Exact copy, pictures excluded: reproduce every record below.

Exercise data:
-*-*-
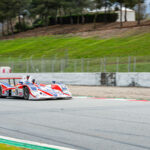 #25 MG EX264 – Mike Newton – 2025 Espiritu de Montjuic – 21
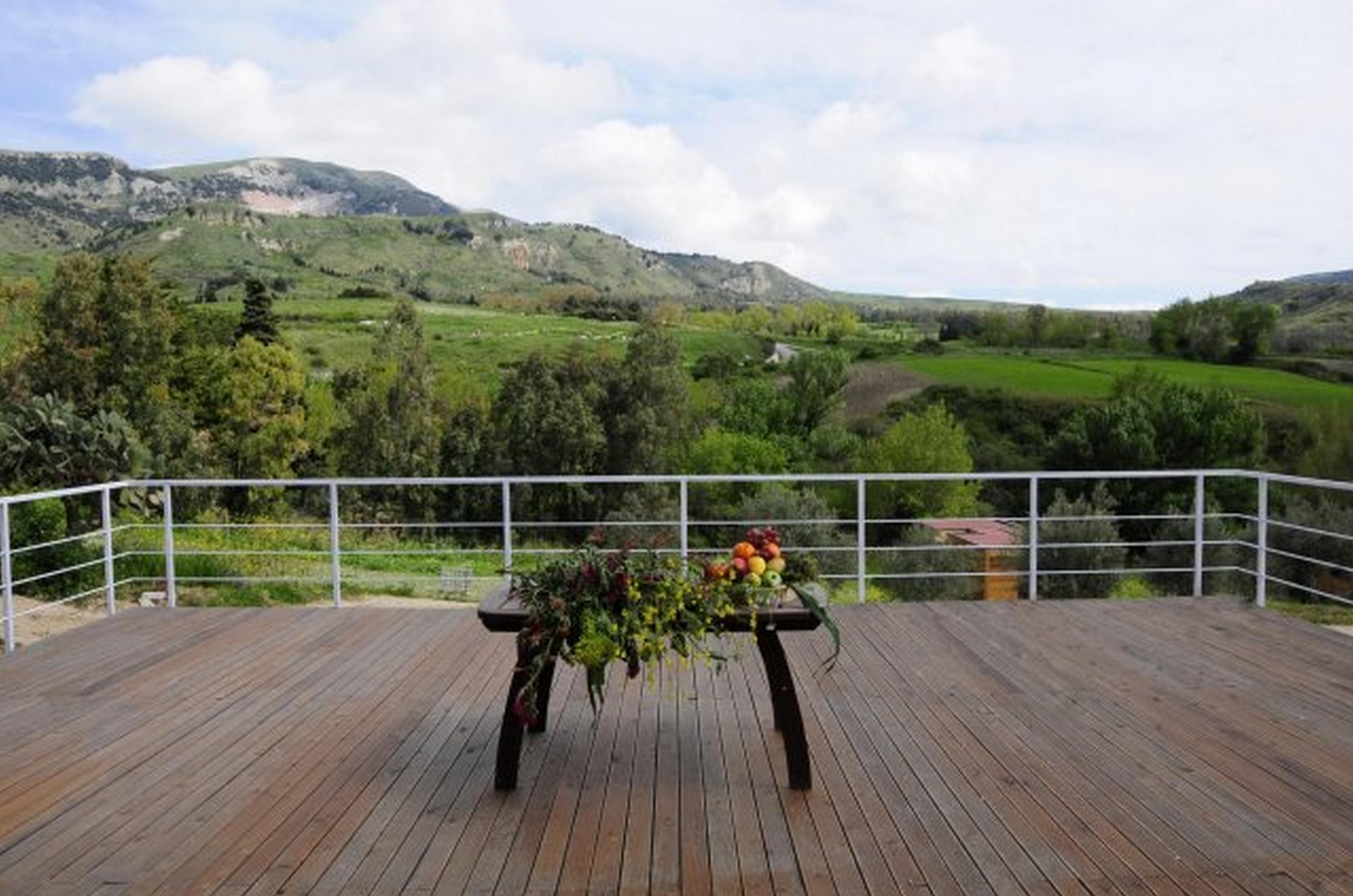 Il Bevaio Di Corleone Villa Dış mekan fotoğraf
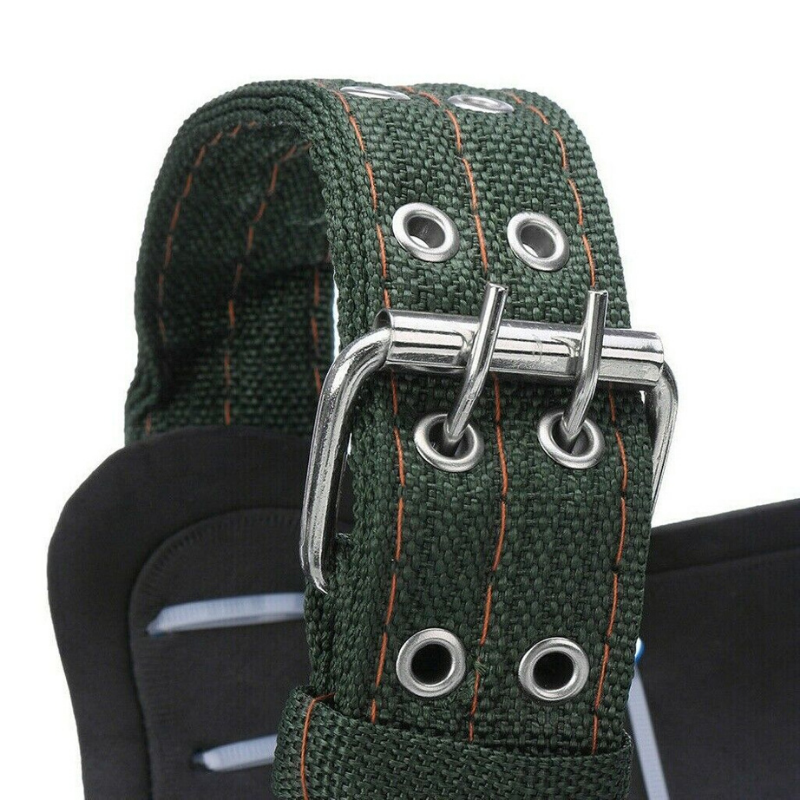 Premium Tree Climbing Spur Spikes image 3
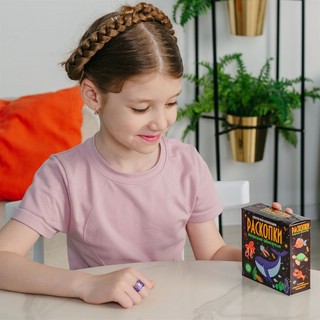 Морские обитатели. Набор для проведения раскопок 2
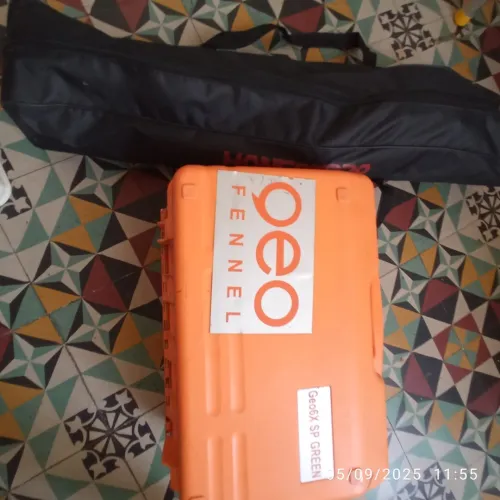 Niveau laser GEO 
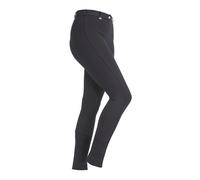 SaddleHugger Jodhpurs Ladies Black - Size 32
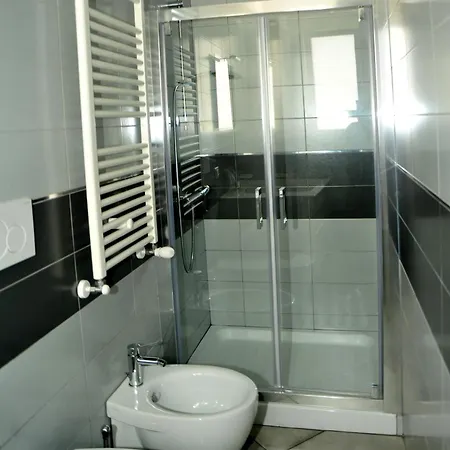 Casa Diego Lejlighed Otranto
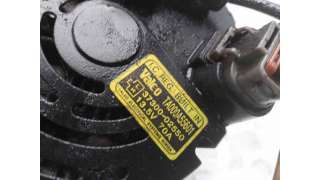 ALTERNADOR HYUNDAI GETZ (2002-2005) 1.1 63CV 1086CC - L.8269203 / 3730002550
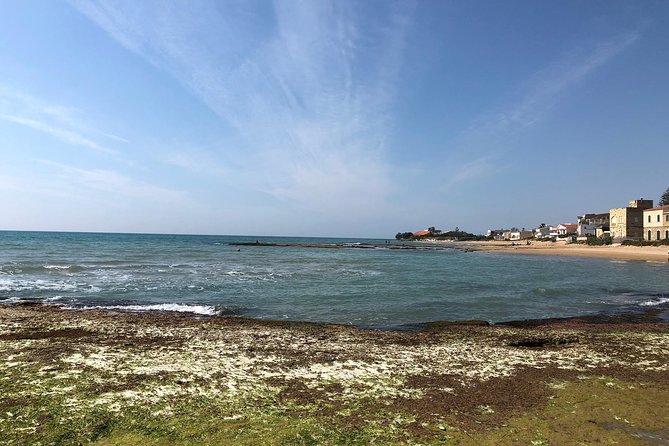 Montalbano Tour from Syracuse with private driver - Montalbano Tour from Syracuse: Who Should Book?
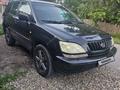 Lexus RX 300 2002 годаүшін4 800 000 тг. в Усть-Каменогорск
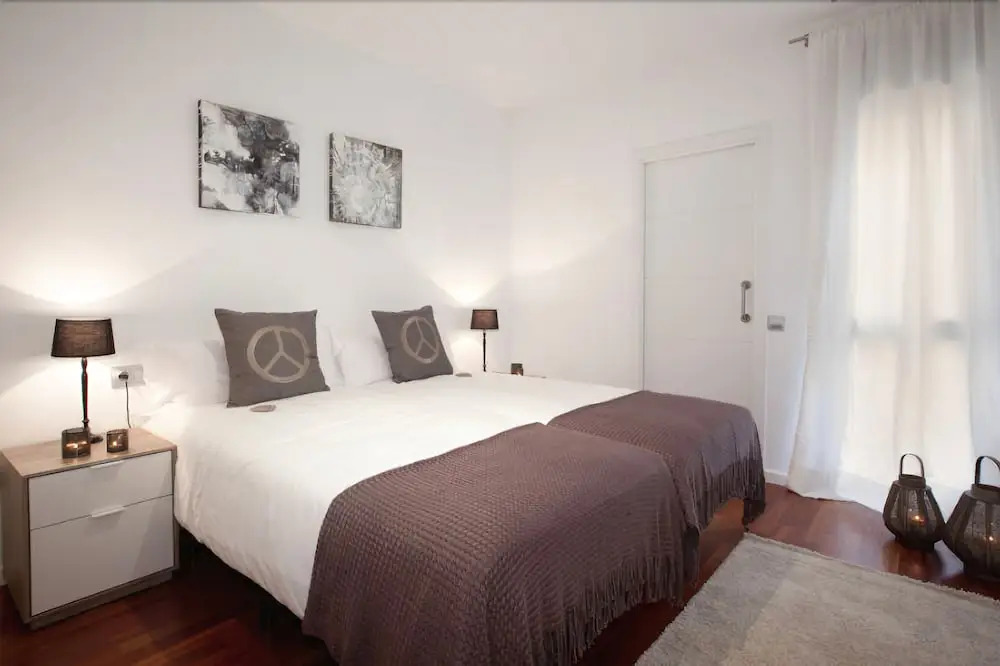 Rent Top Apartments Eixample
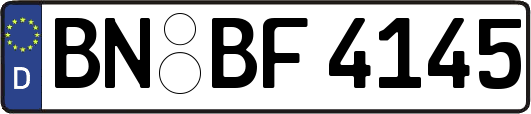 BN-BF4145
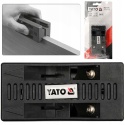 Nóż do odcinania oklein, dwustronny YT-5710 YATO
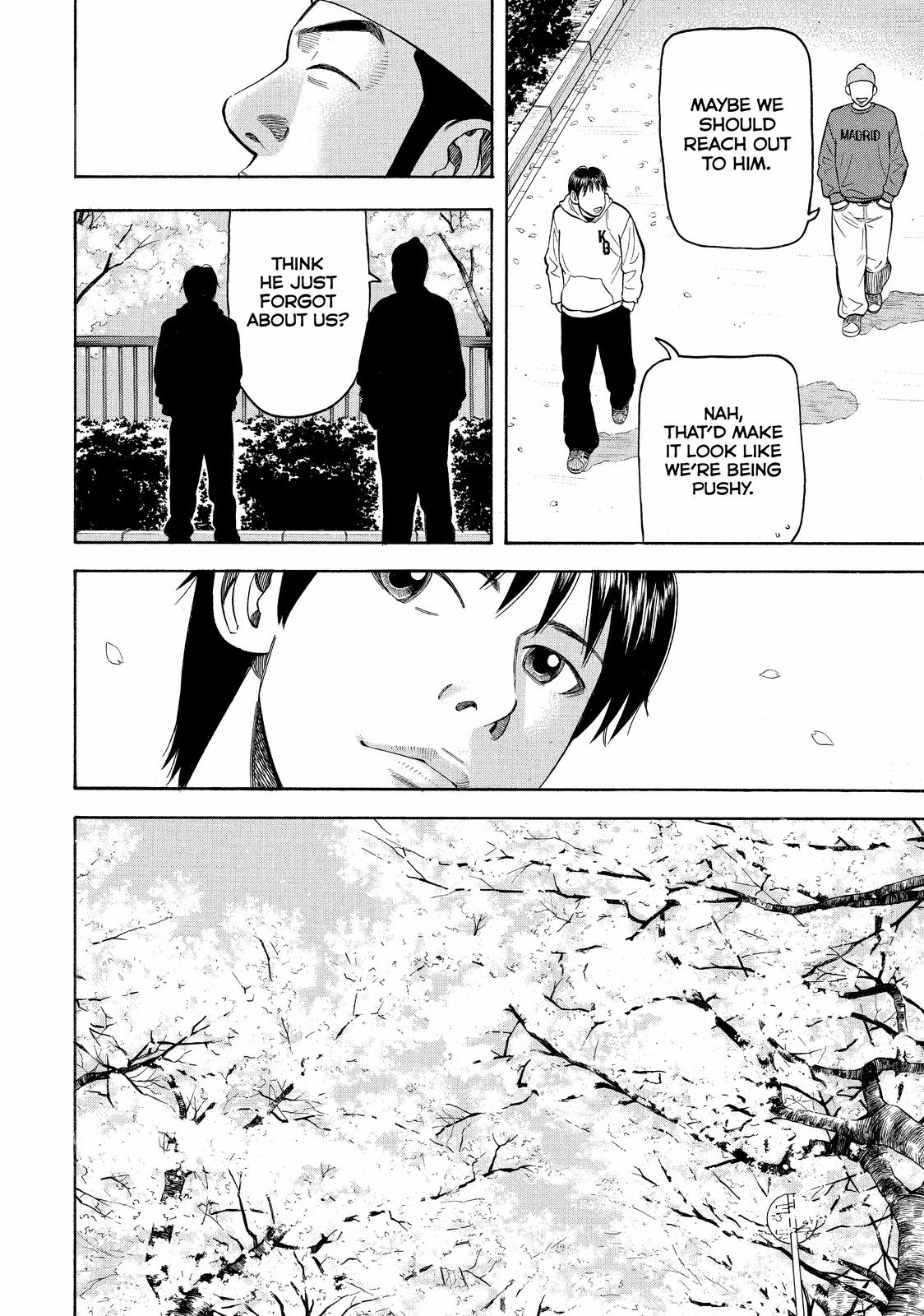 Read Beck En Manga Online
-*-*-
The completed task:
 #25 MG EX264 – Mike Newton – 2025 Espiritu de Montjuic – 21
 Il Bevaio Di Corleone Villa Dış mekan fotoğraf
 Premium Tree Climbing Spur Spikes image 3
 Морские обитатели. Набор для проведения раскопок 2
 Niveau laser GEO 
 SaddleHugger Jodhpurs Ladies Black - Size 32
 Casa Diego Lejlighed Otranto
 ALTERNADOR HYUNDAI GETZ (2002-2005) 1.1 63CV 1086CC - L.8269203 / 3730002550
 Montalbano Tour from Syracuse with private driver - Montalbano Tour from Syracuse: Who Should Book?
 Lexus RX 300 2002 годаүшін4 800 000 тг. в Усть-Каменогорск
 Rent Top Apartments Eixample
 BN-BF4145
 Nóż do odcinania oklein, dwustronny YT-5710 YATO
 Read Beck En Manga Online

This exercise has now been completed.